Turtle shorthand syntax is like filling out a contact form where you avoid rewriting the same person's name over and over.
Imagine a teacher writing notes about Alice on a classroom whiteboard.
Instead of writing:
Alice is a student.
Alice likes pizza.
Alice knows Bob.
Alice knows Carol.
the teacher naturally compresses it into:
Alice:
- is a student
- likes pizza
- knows Bob and Carol
That is exactly what Turtle's ; and , operators do.
The Whiteboard Analogy
| Turtle Syntax | Meaning | Real-World Analogy |
|---|
; | Same subject, new predicate | Continue describing the same person |
, | Same subject and predicate, new object | List multiple items for the same relationship |
Example
:Alice a foaf:Person ;
foaf:name "Alice" ;
:knows :Bob, :Carol .
This expands internally into:
:Alice a foaf:Person .
:Alice foaf:name "Alice" .
:Alice :knows :Bob .
:Alice :knows :Carol .
Mental Model
Think of Turtle syntax like natural note-taking.

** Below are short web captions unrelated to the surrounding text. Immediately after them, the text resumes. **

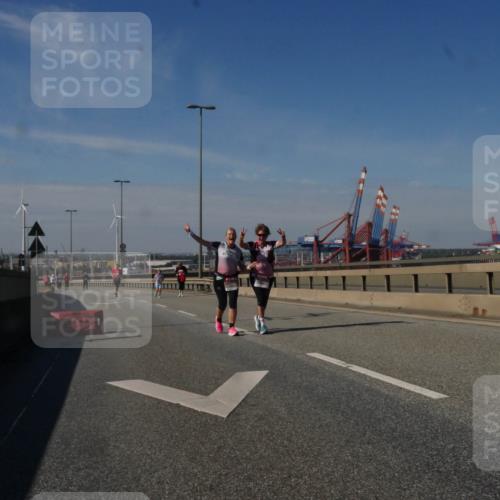 03.10.2025 - Köhlbrandbrückenlauf Matties Gatica Varas http://msf.ph/oto/9009523 03.10.2025 13:06:43 Position 2  meine-sportfotos.de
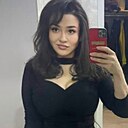 Диана, 30 лет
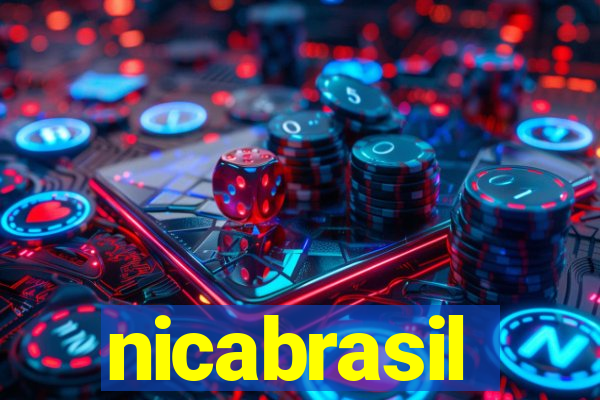 nicabrasil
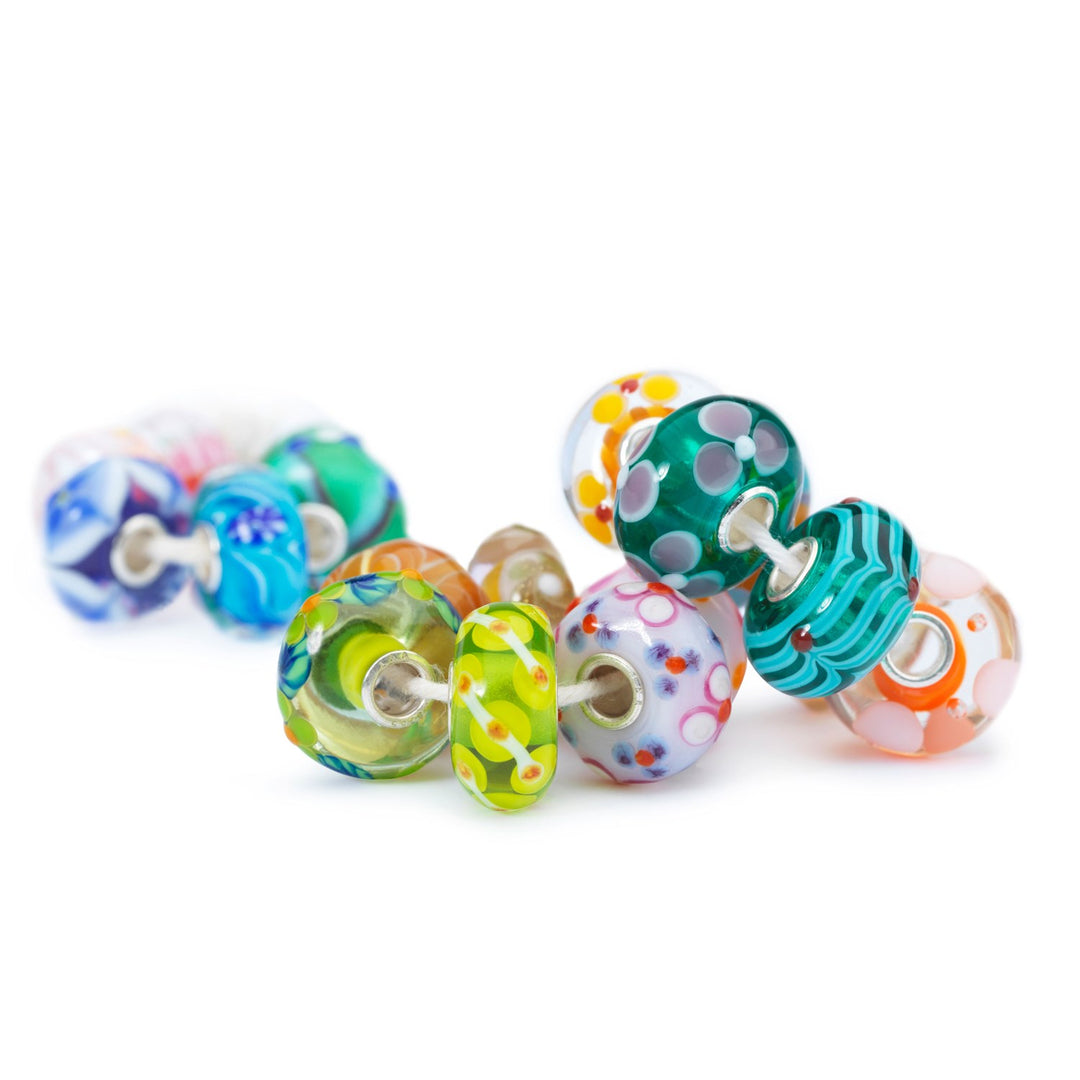 Find the Unique You – Trollbeads South Africa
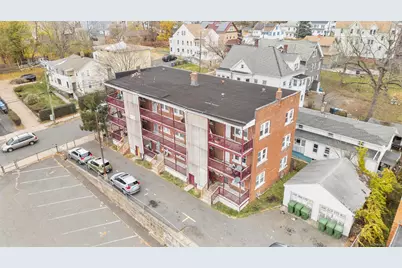 75 Clark Street, New Britain, CT 06051 - Photo 4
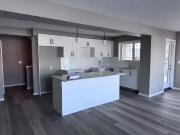 For Rent 3 Bedroom Townhouse Edmonton AB DS99004066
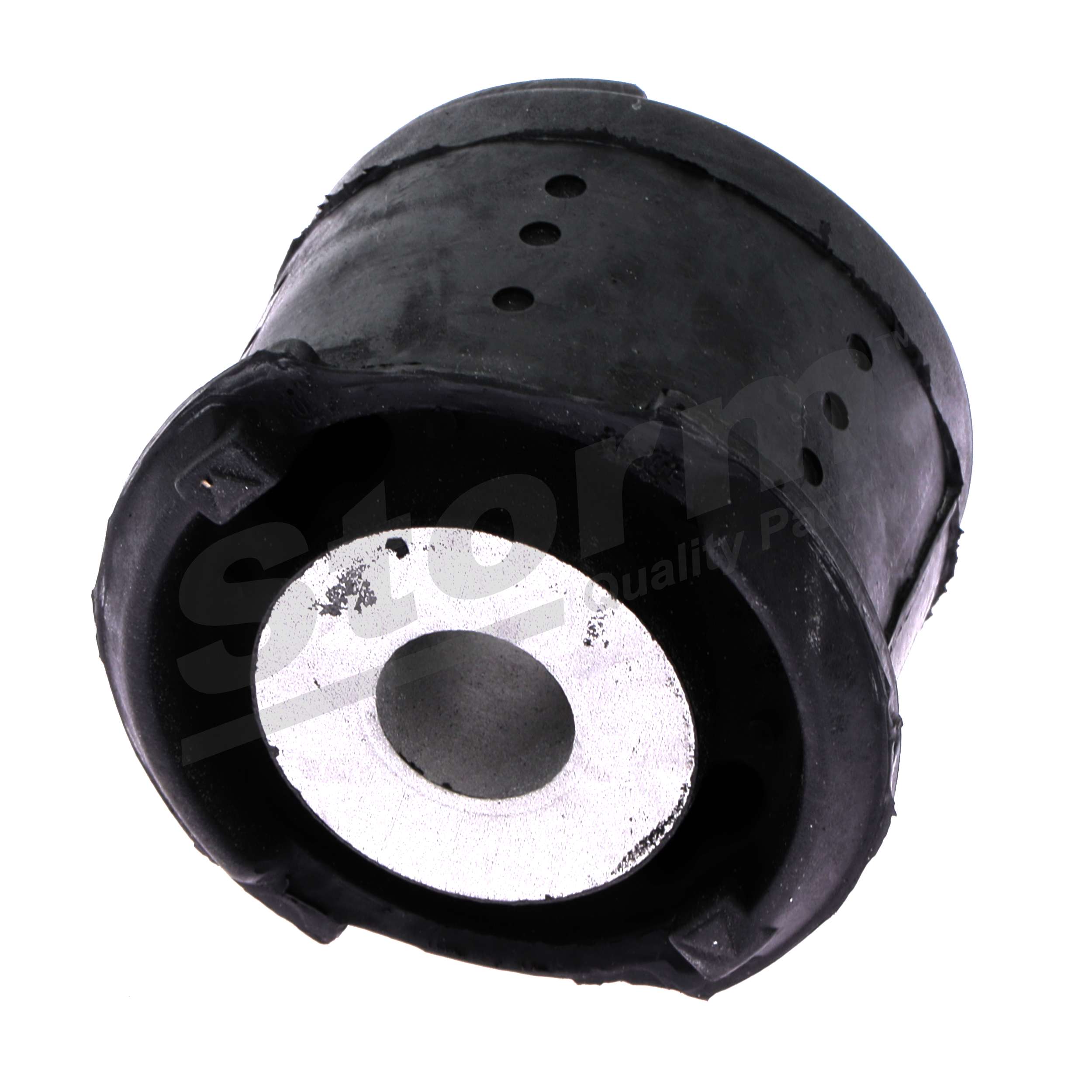 Suspensão, braço oscilante Storm ref. F2530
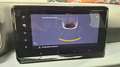 SEAT Arona 1.0 TSI 81kW (110CV) Style Plus Blanco - thumbnail 27
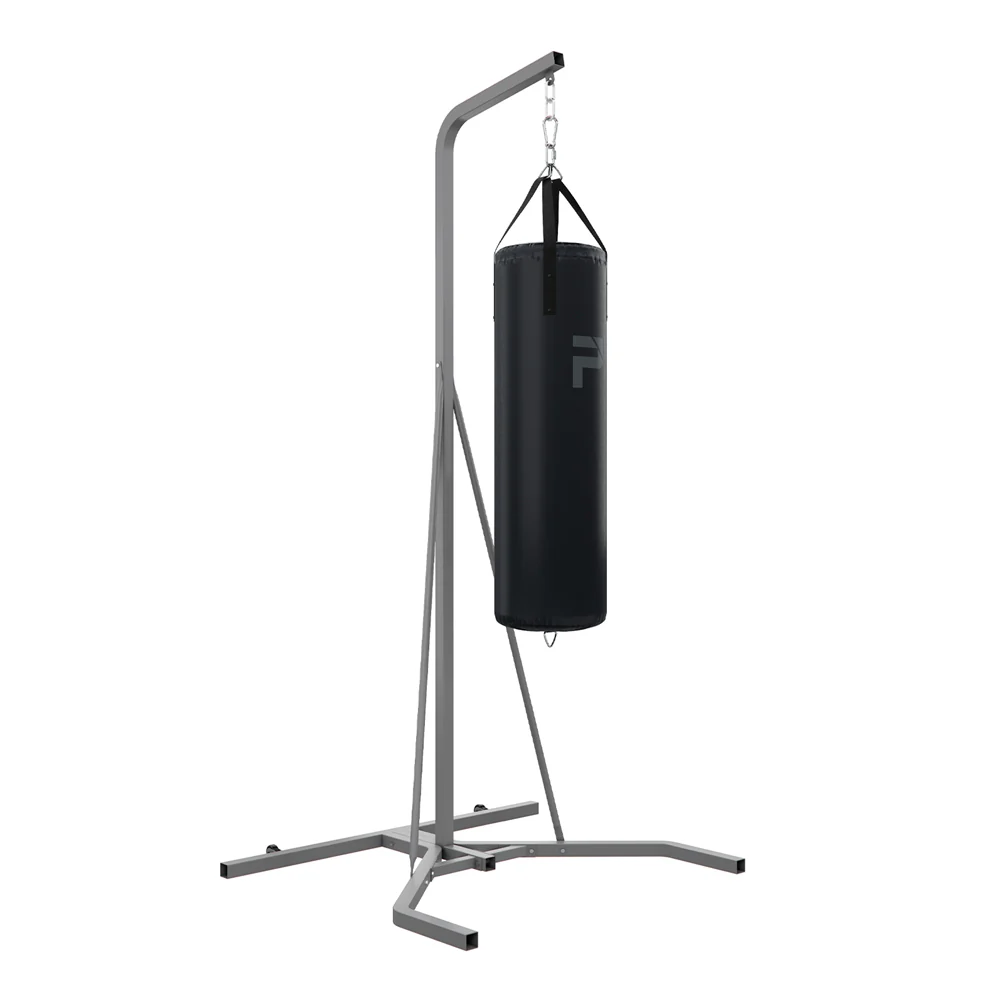 PowerForce Heavy Bag and Stand Combo - Image 3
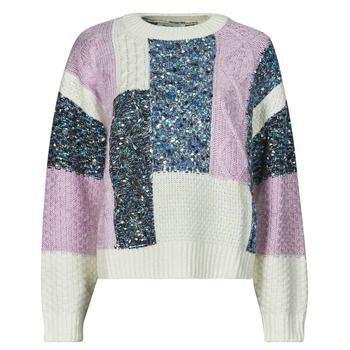 Desigual Jersey JERS EDMONTON para mujer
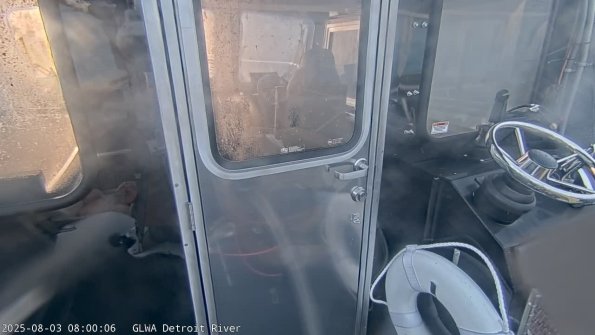 detroitAug032025_ 8hh03mm00ss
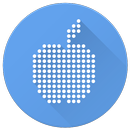 Alma TV APK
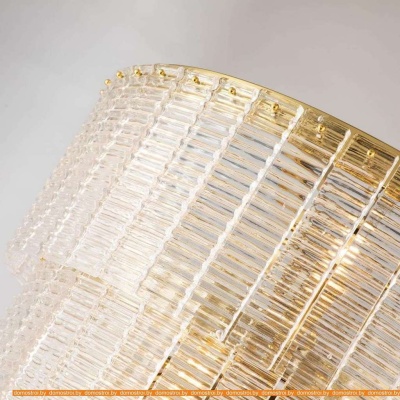 Подвесная люстра Favourite Prestige 2974-24P фотография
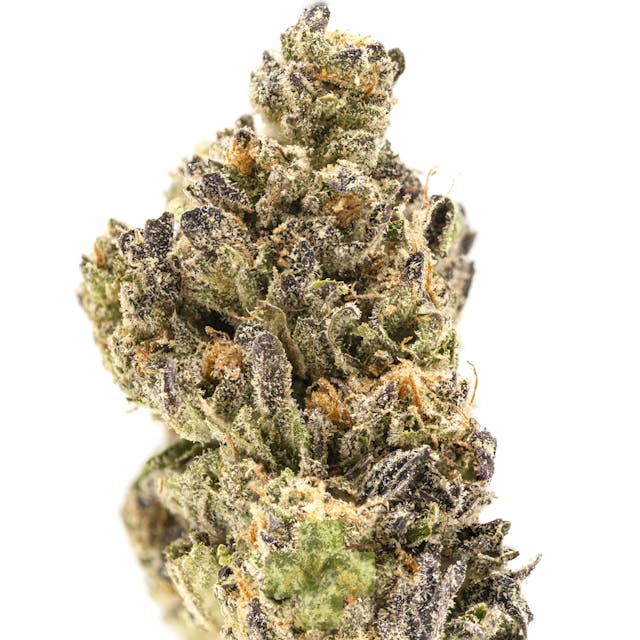 Photograph of product: Sharpie, SG (1/2oz) - Half Oz.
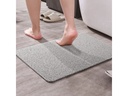 CPC Hydro Wonder Duschmatte Grau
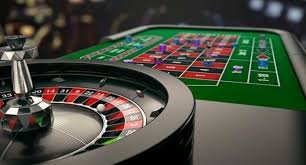 123 slots ကာစီနို ဂိမ်းများ Baccarat စားပွဲ မြန်မာ ကစားသမားများ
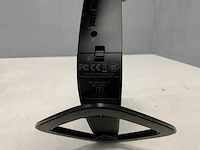 Hp thin client t540 computer (2x) - afbeelding 8 van  8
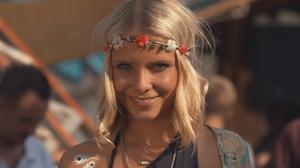 default video 1000x562 img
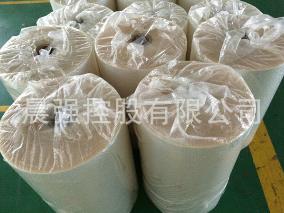 食品高溫蒸煮膜開辟肉制品存放新天地！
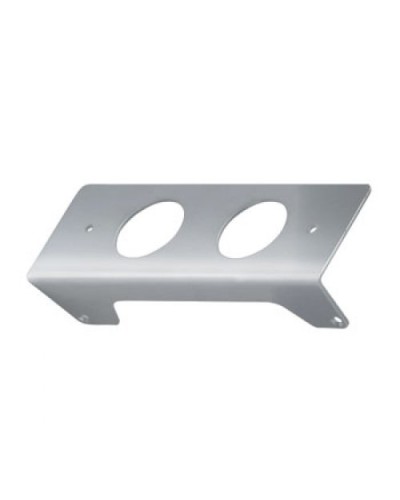 PERCo-BH01 0-03. Кронштейн. PERCo в Смоленске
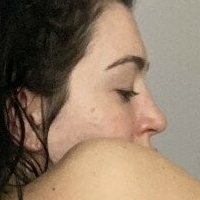 Scarlett Nackt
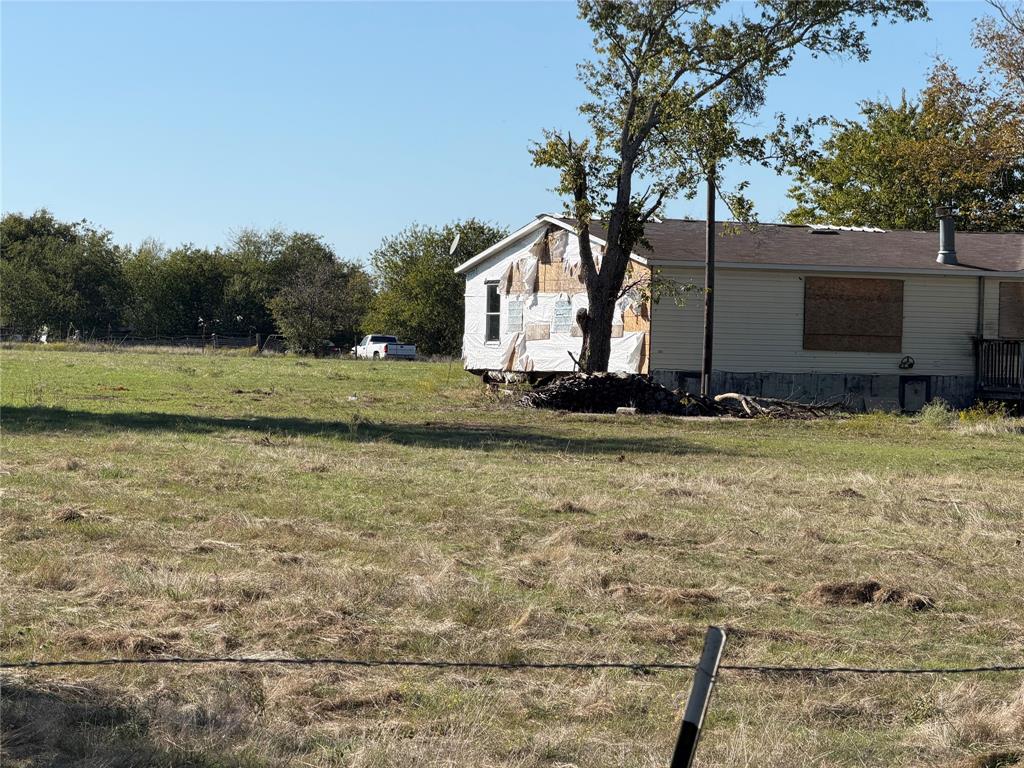 9601 1st Street Property Photo 1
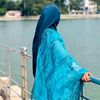 khadija.tul.kobra877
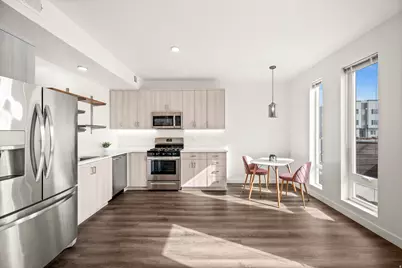 1014 W 1700 S #103, Salt Lake City, UT 84104 - Photo 6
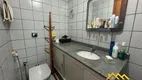 Foto 15 de Apartamento com 3 Quartos à venda, 85m² em Centro, Piracicaba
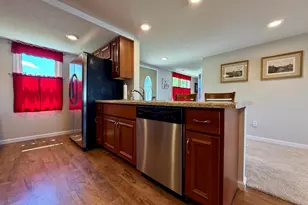 4071 Anderson Dr, Albion, MI 49224 - Photo 17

The subject (:Alice) acts like the title of a sticky note.
Every semicolon means:
“Still talking about Alice, but now describing something else.”
Every comma means:
“Still talking about the same relationship, but adding more items.”
Why This Matters
The shortcuts:
- reduce repetition
- improve readability
- make RDF authoring faster
- keep graphs visually compact
But importantly:
The graph itself does NOT change.
The parser expands the shorthand into the exact same triples.
Key Insight
; and , are purely syntactic sugar.
They make Turtle easier for humans to write and read, while the RDF engine still sees the same underlying graph structure.